Occasionally I’ll see Bitcoin bulls get really excited about articles like this one from Business Insider, The State of Wisconsin Purchased $163 Million in Bitcoin ETFs in the First Quarter. The assumption being that institutional money is getting into Bitcoin and since Bitcoin has a limited supply, the price can only go higher.
But we have seen this show before.
My favorite version is from August of 1979, epitomized by BusinessWeek’s cover story, The Death of Equities.
Back then, inflation was running hot, and laws were modified to allow pensions to invest in hard assets such as gold and diamonds. When it came to diamonds the article noted that diamond dealers were jubilant and the number of banks allowing diamonds to be deposited into self-directed trust accounts was surging.
But their timing wasn’t great. From 1980 – 2000, diamond prices per carat went from $10,500 - $15,100. A 43% gain over 20 years. An annualized growth rate of approximately 1.83%.
And even if people didn’t believe in diamonds, they absolutely believed in gold. To quote the article:
Today, one of the strongest proponents of gold investing is Alaska Governor Jay Hammond. He plans to resubmit a bill to the legislature early next year to lift a law, passed in the early 1960s, that prevents the state’s public employee and teachers’ retirement funds from investing in gold, foreign securities, or real estate. At least three other states are also interested in tangibles for their retirement funds. “The statute was fine for the 1960s, but unfortunately we’re not living under those same economic conditions,” says Alaska’s deputy treasury commissioner, Peter Bushre. “We’re living under double-digit inflation, huge balance-of-trade deficits, and a serious energy problem. The current action of both the bond market and equity market bear me out.”

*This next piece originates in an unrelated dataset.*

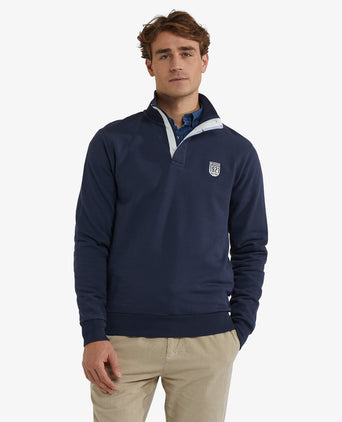 Sweatshirt Half-Zip | Navy
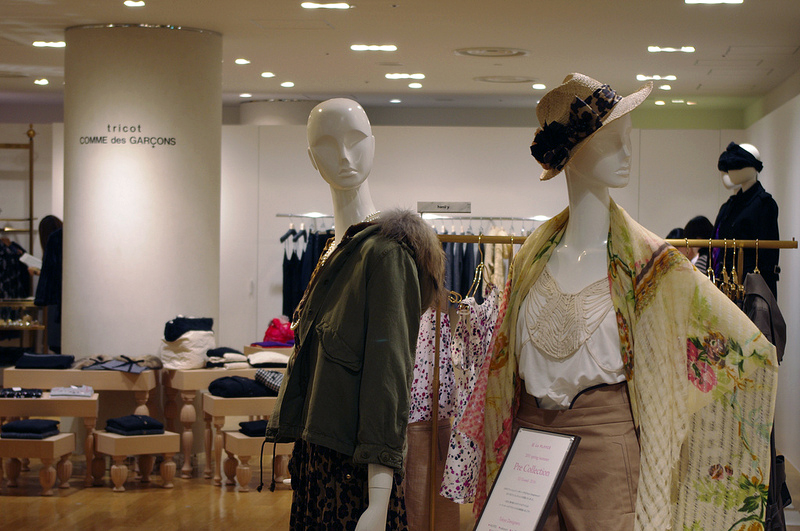 Fashion at Mitsukoshi in Tokyo. Photo by alphacityguides.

By the start of 1980, the price of gold was $594.90 / ounce. It then went plummeting lower and wouldn’t hit that value again until 2006. 26 years with zero return.

Anytime an asset class has an extraordinary run, humans fall victim to recency bias and start to believe the same things that created today's environment will persist in the future. That typically isn’t what happens. People in 1979 thought diamonds and gold were the answers. Today the same thing can be said about Bitcoin.
Even if that asset has limited supply . . . even if that asset has institutional proponents . . . even if you read about it in BusinessWeek. The price can always go lower.
P.S.
Not related to the main point of this note but another part of the BusinessWeek article I love is this one:
The problem is not merely that there are 7 million fewer shareholders than there were in 1970. Younger investors, in particular, are avoiding stocks. Between 1970 and 1975, the number of investors declined in every age group but one: individuals 65 and older. While the number of investors under 65 dropped by about 25%, the number of investors over 65 jumped by more than 30%. Only the elderly who have not understood the changes in the nation’s financial markets, or who are unable to adjust to them, are sticking with stocks.
When your younger family members say, “You just don’t get it. Things are different now.” Remember it is often those who are “unable to adjust to the changing times,” and continue to stubbornly execute on their long-term financial plans, that end up being the most successful.